Oppong-Yeboah was commenting on the theme, “Innovation and technological change, and education in the digital age for achieving gender equality and the empowerment of all women and girls,” in an interview with the Ghana News Agency when she attended the Commission’s Status of Women (CSW67) meeting in New York, United States of America.
The session was aimed at identifying the key factors and trends regarding women’s participation in ICT and its dynamics, as well as analysing practices that could enable women’s participation in the digital world.
It sought to provide updated evidence for prognostics and policymaking in women in ICT in the world.
Josephine Oppong-Yeboah said data trends suggested that gender inequality in the digital sphere was essentially a result of the persistence of strong unconscious biases about what was appropriate and what capacities each gender had, as well as about the technologies themselves.
She noted that for the country to address the gender inequalities in the ICT sector, it needed to initiate processes at the educational level, particularly at the basic school level to enable girls to develop an interest in ICT at an early age.

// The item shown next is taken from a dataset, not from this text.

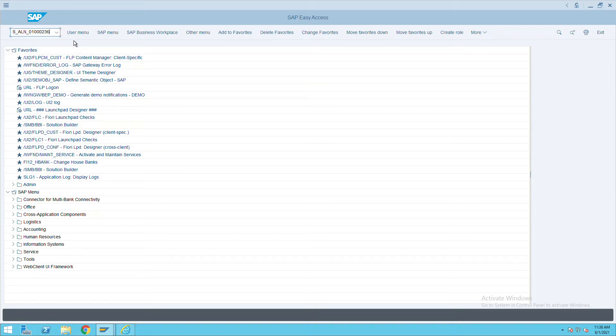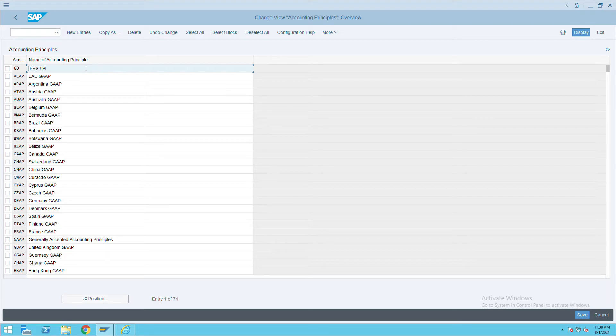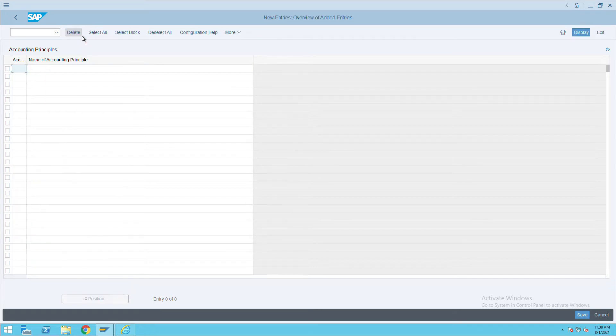Enter this transaction code, press enter, then click on new entries. Basically, US GAAP or IFRS IAS are all standard ones; you can create your own one also. My company code is 9001, so I thought I would create the same number.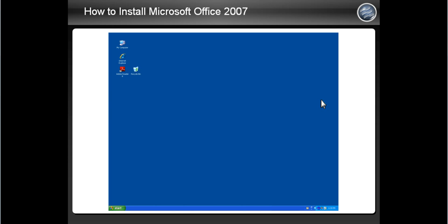This presentation will show you how to install Microsoft Office 2007 on your computer.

“If the existing biases are not addressed, rapid economic advances by digital transformation will not take into account the existing gender gap in the sector, which will simply amplify and, possibly perpetuate gender stereotypes,” she said.
Josephine Oppong-Yeboah said, “Only a few women graduate in ICT-related fields and very few enter the sector after graduation. Despite the increased awareness and numerous initiatives, women still face significant challenges in the sector that affect all stages of females’ career paths and life courses in the digital sphere.”
She thought that if equality in the digital sphere was not achieved, the world would miss talents, vision, resources, and wealth.
Josephine Oppong-Yeboah said when women were involved in technology development, they factored the concerns of their customized innovations that addressed their unique challenges.
On Ghana’s participation in the UN conference, she expressed concern about no representation from the country, describing it as “disheartening.”
“Today’s session is very critical, and Ghana needed to be here. We cannot claim to be interested in the affairs of women and ignore today’s session with no representation,” she told the GNA.